By SexHerald Staff
Have
you ever shared sex tips with a friend? Recommended a favorite sex
toy for someone whom you know could use a little lift in his or her
sex life? Attended or hosted a sex toy party where the atmosphere
is light-hearted, educational, and helpful?
Chances are, if you have, you probably weren’t afraid that
those activities could be seen as potentially incriminating.
But for Joanne Webb of Burleson, Texas, having that luxury was
not so easy. A former elementary school teacher and mother of three,
Webb was placed
under arrest after she helped a couple pick out a few sex toys
to purchase through the company she worked for, Passion Parties.
Except the couple wasn’t a couple looking to add new elements
to their sex life. The couple was actually a pair of investigators
who arrested Webb because of an obscenity law in Texas forbidding
the sale of items that are “designed
or marketed as useful primarily for the stimulation of human genital
organs.”
Attorney BeAnn Sisemore, who represents Webb, purportedly
intends to file a federal law suit that challenges obscenity
laws in Texas; she
holds that the laws are so vague that they could be used to
prosecute, for example, anyone who uses or sells condoms that are
made to provide sexual pleasure or stimulation.
The covert operation supposedly used to incarcerate Ms. Webb may
have very well been unnecessary. Webb reportedly was open about
her business and never thought that explaining the items she sold
would do anything but help women and couples, much less pose a problem.
“I saw this as a great opportunity to help educate women,
help encourage them to open up the lines of communication between
them and their partners and be able to enhance their relationships,”
she clarifies.
However, according to Sisemore, Webb didn’t run into a hitch because of the
actual selling of the vibrators and toys (some businesses sell them labeled
“novelty items” or “gag gifts”), but in fact because she explained how to use
them.
For many, this might be primarily a right to information and communication
issue.
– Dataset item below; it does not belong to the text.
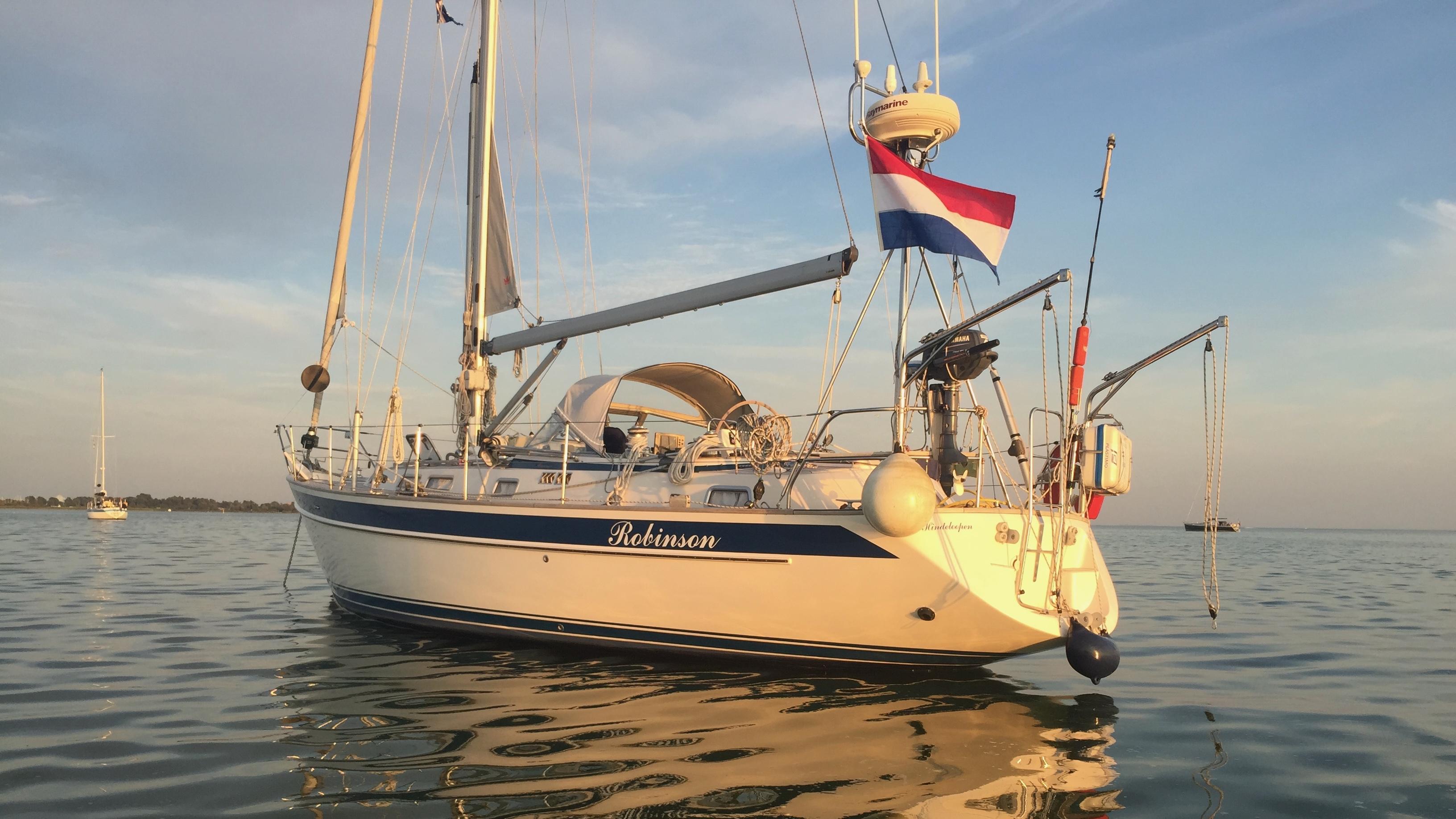 Hallberg-Rassy 39 | 12m | 2002 | Boats and Outboards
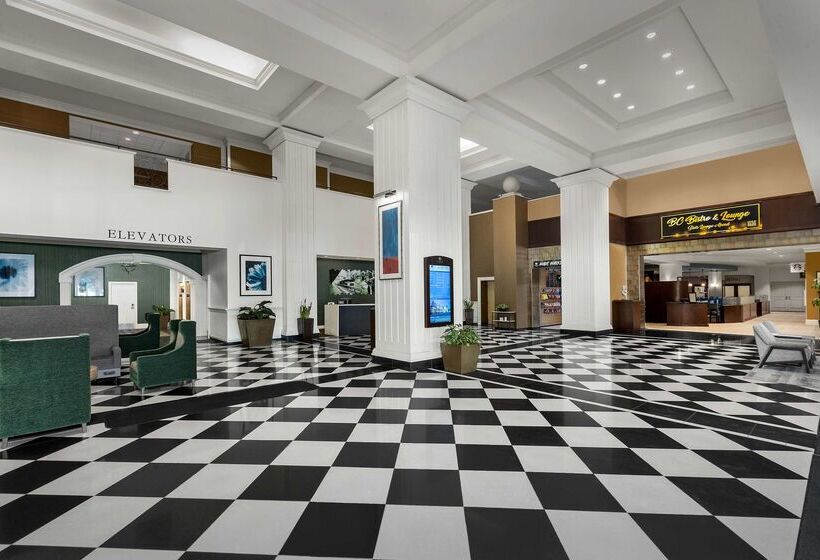 هتل Doubletree By Hilton Chicago O Hare Airport  Rosemont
For others, the right to privacy is a big problem. And for
others, women’s rights are at stake.
Webb’s attorney BeAnn Sisemore has said she intends to dispute
the Texas obscenity law as unconstitutional. Sisemore is said to
have equated fighting for Ms. Webb’s right to sell sex toys
with fighting for sexual liberties. “We believe it is unconstitutional
and believe it is overbroad. The whole purpose of this statute appears
to be that you can't have healthy dialogue and communication. We
think that's a problem,” Sisemore reportedly argues.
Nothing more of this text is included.